#### [Problem]
Reproduce the entries beneath exactly, without their images.

#### [Entries shown]
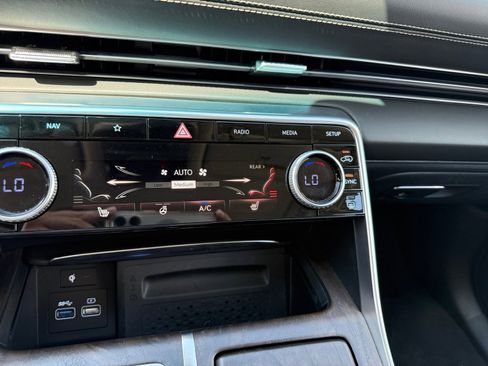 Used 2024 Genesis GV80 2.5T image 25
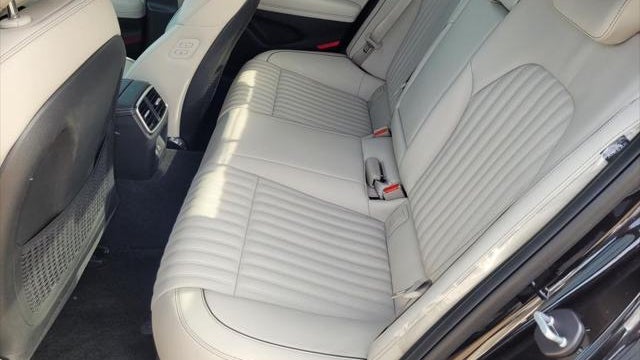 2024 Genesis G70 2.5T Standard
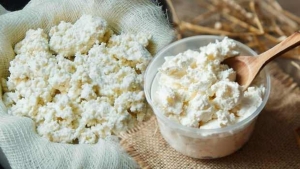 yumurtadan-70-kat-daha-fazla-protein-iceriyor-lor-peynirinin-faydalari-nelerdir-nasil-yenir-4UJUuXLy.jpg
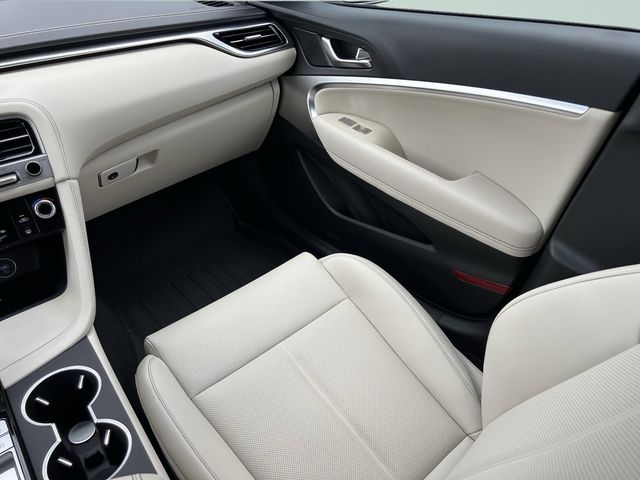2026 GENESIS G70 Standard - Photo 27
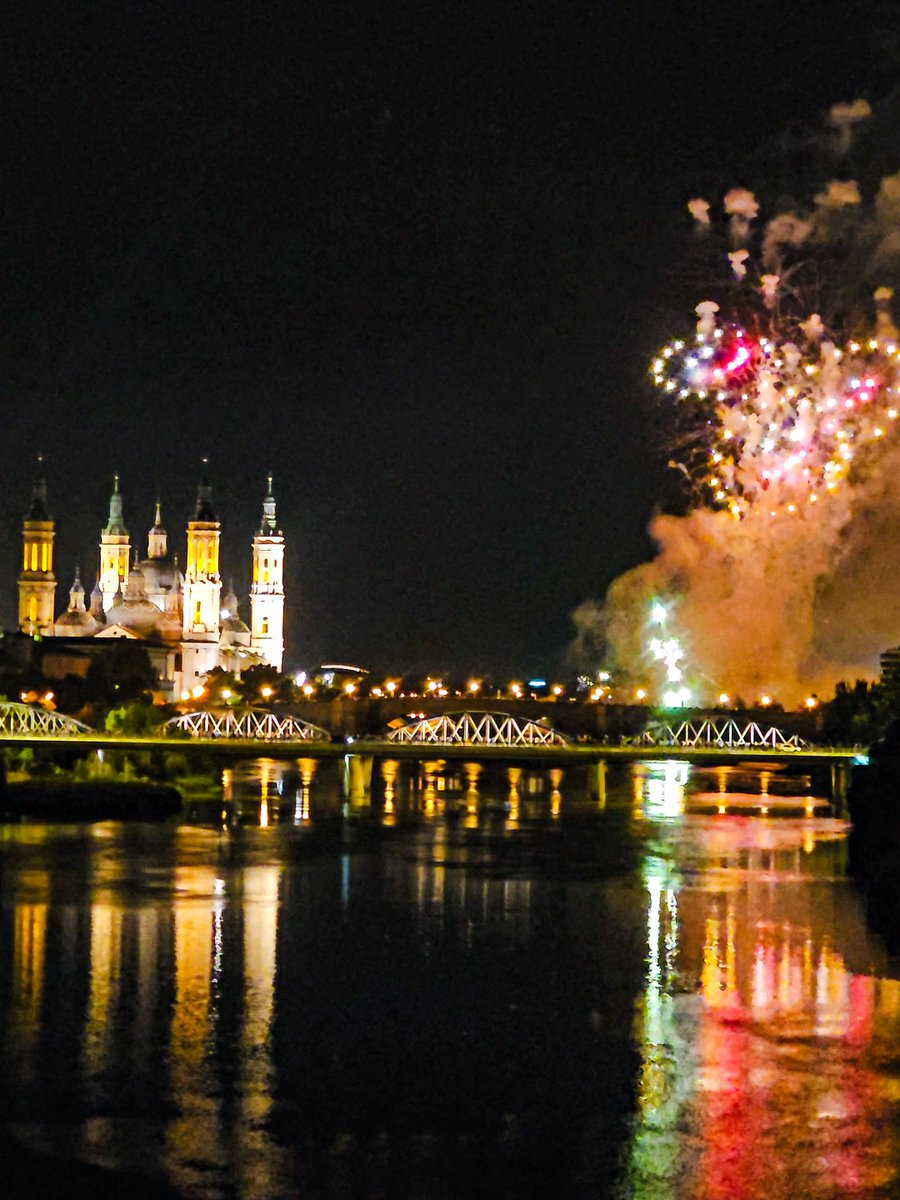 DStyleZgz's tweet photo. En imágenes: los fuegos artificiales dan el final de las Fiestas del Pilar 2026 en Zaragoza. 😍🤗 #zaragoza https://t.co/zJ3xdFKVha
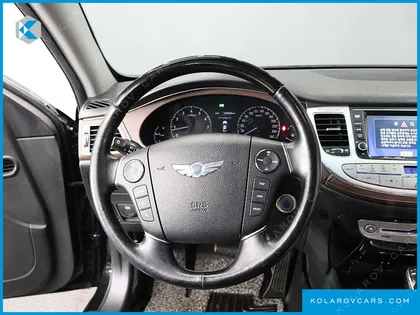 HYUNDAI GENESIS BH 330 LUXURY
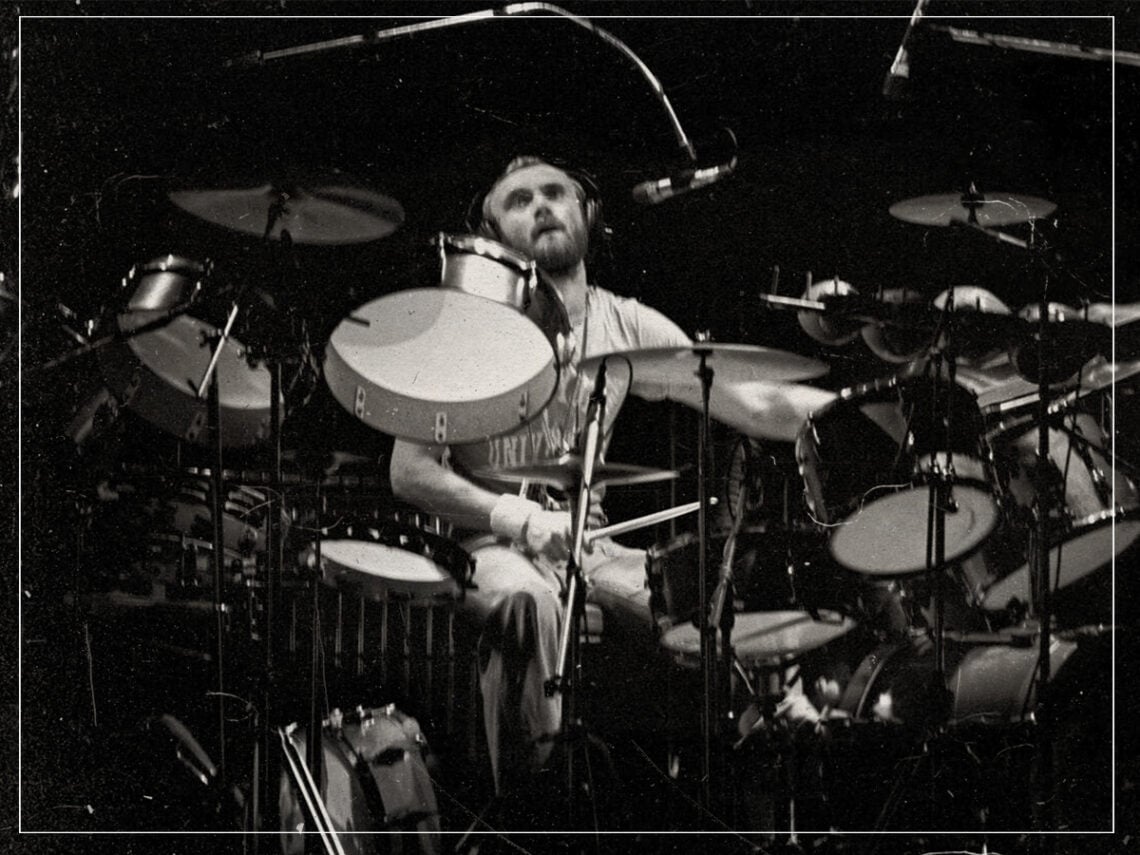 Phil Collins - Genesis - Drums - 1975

#### [Your response]
 Used 2024 Genesis GV80 2.5T image 25
 2024 Genesis G70 2.5T Standard
 yumurtadan-70-kat-daha-fazla-protein-iceriyor-lor-peynirinin-faydalari-nelerdir-nasil-yenir-4UJUuXLy.jpg
2026 GENESIS G70 Standard - Photo 27
 DStyleZgz's tweet photo. En imágenes: los fuegos artificiales dan el final de las Fiestas del Pilar 2026 en Zaragoza. 😍🤗 #zaragoza https://t.co/zJ3xdFKVha
 HYUNDAI GENESIS BH 330 LUXURY
 Phil Collins - Genesis - Drums - 1975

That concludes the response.